---------- Information provided

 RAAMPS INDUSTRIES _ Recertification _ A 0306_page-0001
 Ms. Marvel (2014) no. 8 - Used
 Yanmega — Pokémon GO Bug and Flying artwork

--------------------

▶ **Exercise**: May I have exactly the lines from the one containing "Ms. Marvel (2014) no. 8 - Used" through the last line of the data, both included?

▶ **Your solution**:
 Ms. Marvel (2014) no. 8 - Used
 Yanmega — Pokémon GO Bug and Flying artwork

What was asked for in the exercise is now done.